I want you to use at least three of the tools we have covered this term on this project. In the end, you will turn in four things:
1. Excel file showing the application of your first selected tool (or set of tools).
2. Excel file showing the application of your second tool (can be the same workbook with different worksheets).
3. Excel file showing the application of your third tool (can be the same workbook with different worksheets).
4. A MS Word document explaining what you learned about the data set from your analysis along with relevant recommendations for your supervisor. Your explanation should include
1) the tools used,
2) what answer the tools provided and
3) how that answer relates to the questions your supervisor asked you. Hint: 1 page is the minimum length needed to explain your tools, analysis and recommendations properly to your supervisor.
Here is the scenario. Imagine I am a property developer in the Boston, MA area. I am looking for neighborhoods where there is opportunity for development or there are opportunities for home repair / reconstruction. I was given a list of 506 neighborhoods. Each of the neighborhoods is described in my data set through 14 fields which are described in the data dictionary below.
Now Imagine that I am enlisting your assistance. Given that I have 14 figures for each neighborhood, I need you to mine through the data and see what you can tell me about it. Which neighborhoods are the best for me to consider seeking construction or remodel opportunities?
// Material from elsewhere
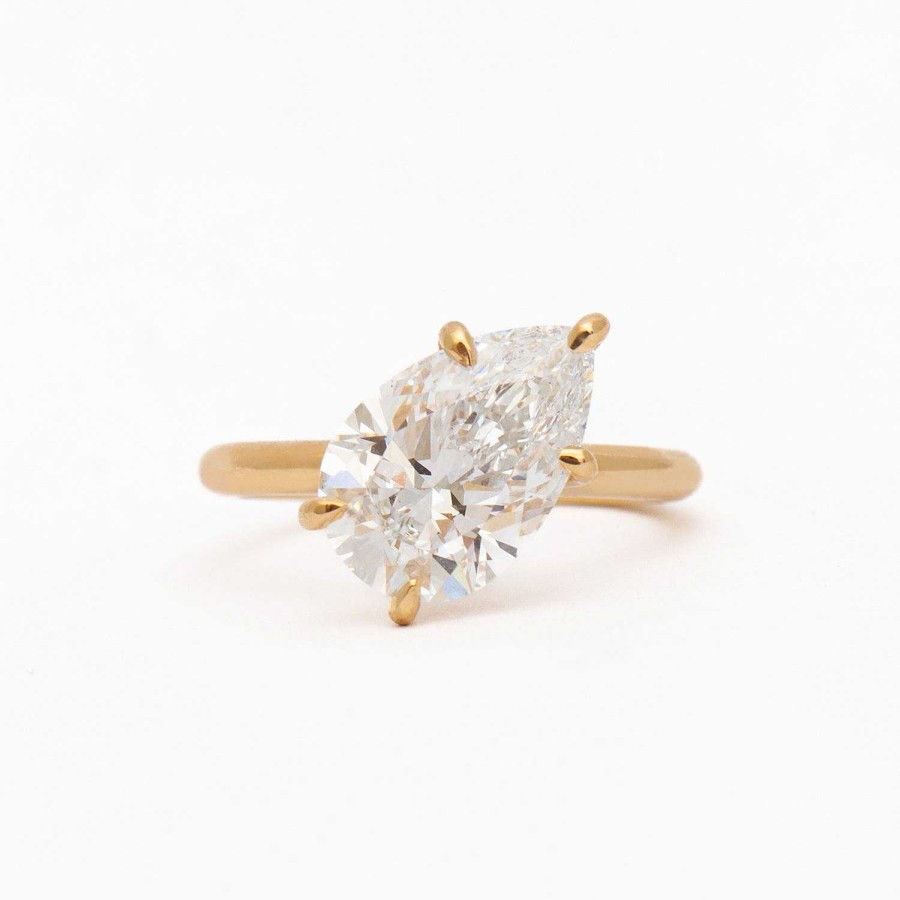 Rings The Future Fine | 3.13 Ct Tilted Lab-Grown Pear Diamond Vault Ring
Which ones are the more affluent?
Which ones may have problems that I want to avoid?
Which ones will be most appealing to home buyers?
What else can you tell me about the data?
Here is the list of 14 fields that you have on each of the 506 neighborhoods in the data set:
CRIM – Crime Rate
ZN – Percentage of Residential land zoned for lots over 25,000 squared feet
INDUS – Percentage of land occupied by non-retail business
CHAS – Does tract bound Charles River? (=1 if tract bounds river, = 0 otherwise)
NOX – Nitric oxide concentration (parts per 10 million)
RM – Average number of rooms per dwelling
AGE – Percentage of owner-occupied units built prior to 1940
DIS – Weighted distances to five Boston employment centers
RAD – Index of accessibility to radial highways
TAX – Full-value property tax rate per $10,000
PTRATIO -Pupil-to-teacher ratio by town
LSTAT – Percentage of lower status of the population
MED – Median value of owner-occupied homes in $10,000s
CAT.MEDV – Is median value of owner-occupied homes in tract above $300,000 (CAT.MEDV = 1 or not (CAT.MEDV = 0)?
Remember, conduct analysis and find me three things about the data set that I might find useful. Then tell me why those three things are interesting.
Here is an example (This is kind of a giveaway but you can still use it):
One question I have is whether there are statistically significant differences in the average median values of the homes in the neighborhoods close to the Charles River and homes in those that are not. Sounds like it would be good to divide the set into two groups. So I would sort the whole data set by CHAS. That gives me a lot of CHAS = 0 records and a smaller number of CHAS = 1 records. Now, I can run t-test for independent samples with similar variances. My first group is all of the MEDV records where CHAS = 0. Those are in the first part of column M. My second group is all of the MEDV records where CHAS = 1. Those are in the later part of column M. Run your t-test to compare these two groups of MEDV values and see your result.
Is there a significant difference?
The other two are up to you… And keep in mind that the example I have shown here is pretty complex. They don’t all need to be that complex. Mean, median, mode, range, and standard deviation of average number of rooms could also be useful. BUT… keep in mind that 20% of the grade on this project will be the level of complexity of your analysis.